**INFORMATION PROVIDED**
■ ■ ■

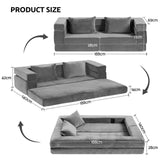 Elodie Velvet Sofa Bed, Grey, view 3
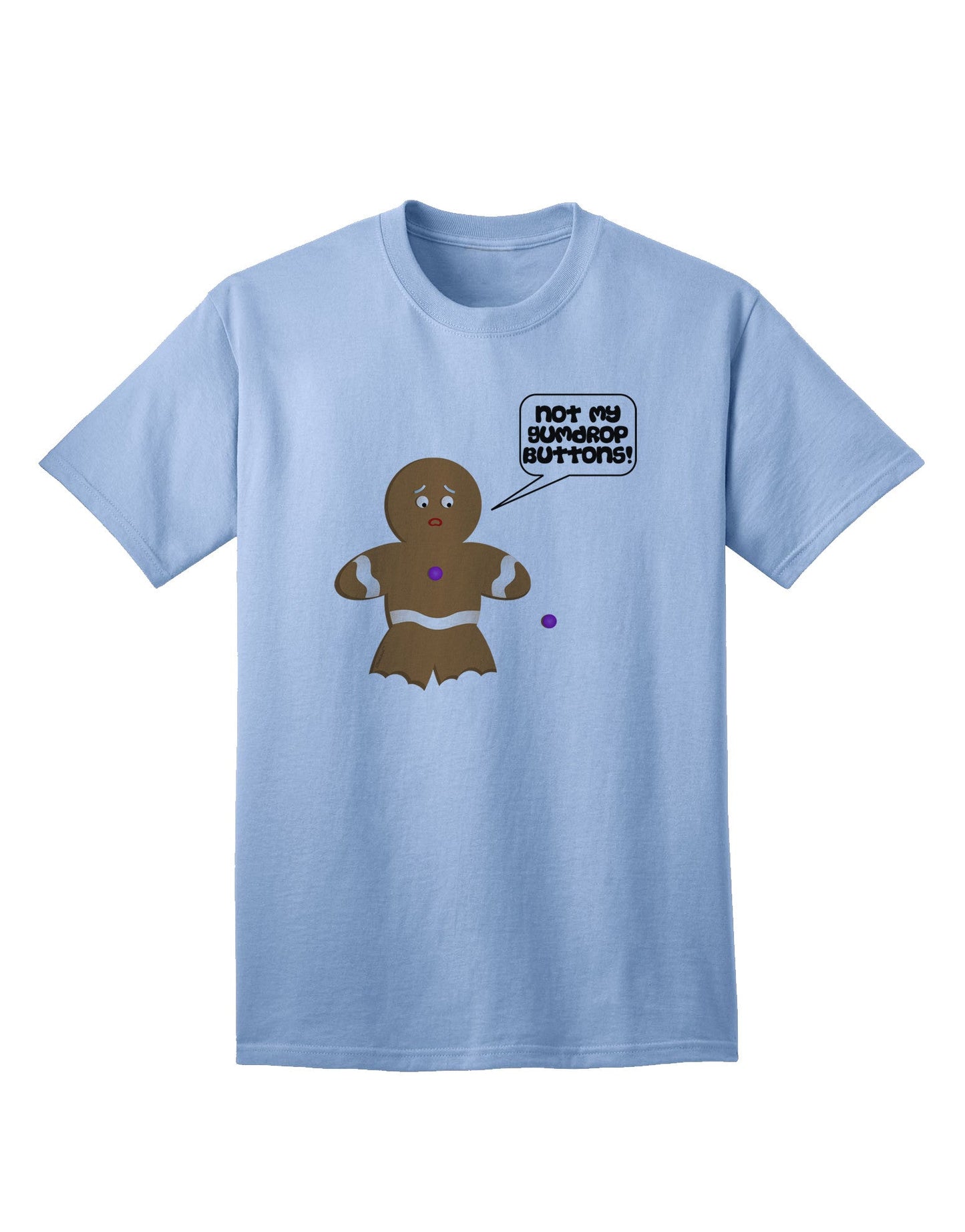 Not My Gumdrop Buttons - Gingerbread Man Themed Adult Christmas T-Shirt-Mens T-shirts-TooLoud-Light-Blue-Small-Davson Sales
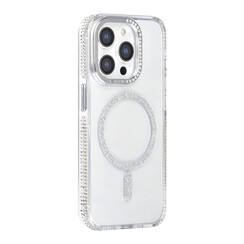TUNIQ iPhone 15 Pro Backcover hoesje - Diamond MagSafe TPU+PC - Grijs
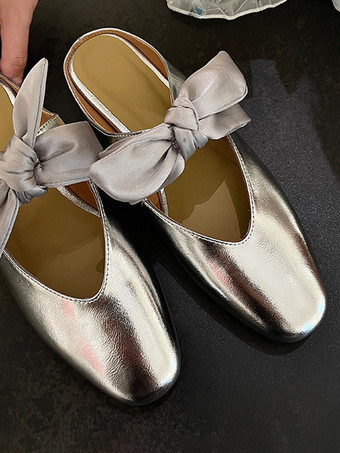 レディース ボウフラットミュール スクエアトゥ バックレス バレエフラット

■ ■ ■

**WHAT NEEDS TO BE DONE**
Every line of the material above should be repeated exactly, except for the pictures.

**RESPONSE TO THE EXERCISE**
 Elodie Velvet Sofa Bed, Grey, view 3
 Not My Gumdrop Buttons - Gingerbread Man Themed Adult Christmas T-Shirt-Mens T-shirts-TooLoud-Light-Blue-Small-Davson Sales
TUNIQ iPhone 15 Pro Backcover hoesje - Diamond MagSafe TPU+PC - Grijs
 レディース ボウフラットミュール スクエアトゥ バックレス バレエフラット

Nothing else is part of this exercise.